Below are the records; give again exactly the line with "Galinis žibintas dvirač.", the line with "Roof Panels 12", and each line that lies between them, and nothing besides.

Records for processing Block Start

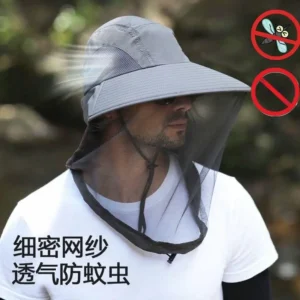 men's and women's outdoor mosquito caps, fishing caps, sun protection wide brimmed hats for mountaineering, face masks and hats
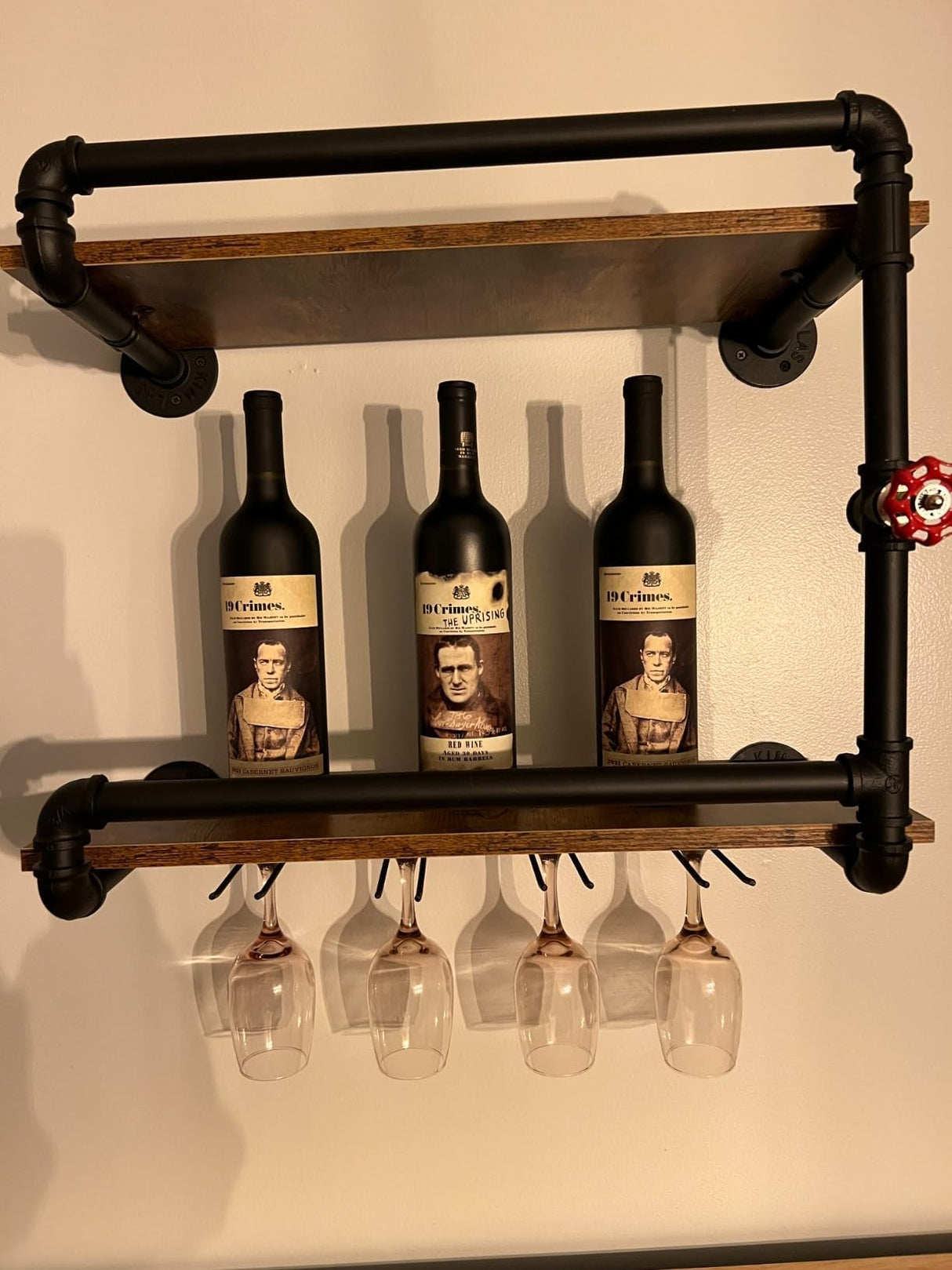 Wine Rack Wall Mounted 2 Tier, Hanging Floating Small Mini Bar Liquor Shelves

Records for processing Block End
Records for processing Block Start

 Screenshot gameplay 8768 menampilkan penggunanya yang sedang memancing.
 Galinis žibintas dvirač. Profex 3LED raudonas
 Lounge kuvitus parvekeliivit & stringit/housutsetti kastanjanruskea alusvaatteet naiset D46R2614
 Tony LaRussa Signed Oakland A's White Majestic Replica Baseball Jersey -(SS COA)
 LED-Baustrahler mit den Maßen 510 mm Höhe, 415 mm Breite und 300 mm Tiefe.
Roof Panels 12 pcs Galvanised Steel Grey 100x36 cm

Records for processing Block End

[Answer to the exercise]
 Galinis žibintas dvirač. Profex 3LED raudonas
 Lounge kuvitus parvekeliivit & stringit/housutsetti kastanjanruskea alusvaatteet naiset D46R2614
 Tony LaRussa Signed Oakland A's White Majestic Replica Baseball Jersey -(SS COA)
 LED-Baustrahler mit den Maßen 510 mm Höhe, 415 mm Breite und 300 mm Tiefe.
Roof Panels 12 pcs Galvanised Steel Grey 100x36 cm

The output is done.